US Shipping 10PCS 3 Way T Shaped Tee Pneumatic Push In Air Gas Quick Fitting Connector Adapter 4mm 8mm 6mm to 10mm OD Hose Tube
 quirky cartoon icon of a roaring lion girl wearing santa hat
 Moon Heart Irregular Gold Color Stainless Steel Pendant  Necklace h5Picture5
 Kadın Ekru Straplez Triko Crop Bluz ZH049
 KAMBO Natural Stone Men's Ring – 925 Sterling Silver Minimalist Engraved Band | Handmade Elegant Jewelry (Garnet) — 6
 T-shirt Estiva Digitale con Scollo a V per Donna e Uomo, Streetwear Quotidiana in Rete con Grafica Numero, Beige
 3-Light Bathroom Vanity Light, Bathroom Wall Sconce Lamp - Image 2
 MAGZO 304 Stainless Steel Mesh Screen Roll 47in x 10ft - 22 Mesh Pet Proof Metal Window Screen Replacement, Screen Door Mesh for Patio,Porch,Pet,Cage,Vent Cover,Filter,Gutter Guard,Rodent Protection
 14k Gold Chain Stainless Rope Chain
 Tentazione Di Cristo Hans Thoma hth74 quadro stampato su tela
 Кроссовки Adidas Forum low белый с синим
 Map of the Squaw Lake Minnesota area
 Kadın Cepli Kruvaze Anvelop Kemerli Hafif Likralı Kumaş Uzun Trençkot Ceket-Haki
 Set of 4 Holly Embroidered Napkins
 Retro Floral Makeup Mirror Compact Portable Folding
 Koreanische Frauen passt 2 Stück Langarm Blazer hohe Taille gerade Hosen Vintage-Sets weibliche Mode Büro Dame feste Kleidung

__EXERCISE DIRECTIONS__. Up to and including the last line of the material, reproduce every line exactly, beginning with the one that contains "Kadın Cepli Kruvaze" and adding nothing else.

__REPLY TO THE TASK__.
 Kadın Cepli Kruvaze Anvelop Kemerli Hafif Likralı Kumaş Uzun Trençkot Ceket-Haki
 Set of 4 Holly Embroidered Napkins
 Retro Floral Makeup Mirror Compact Portable Folding
 Koreanische Frauen passt 2 Stück Langarm Blazer hohe Taille gerade Hosen Vintage-Sets weibliche Mode Büro Dame feste Kleidung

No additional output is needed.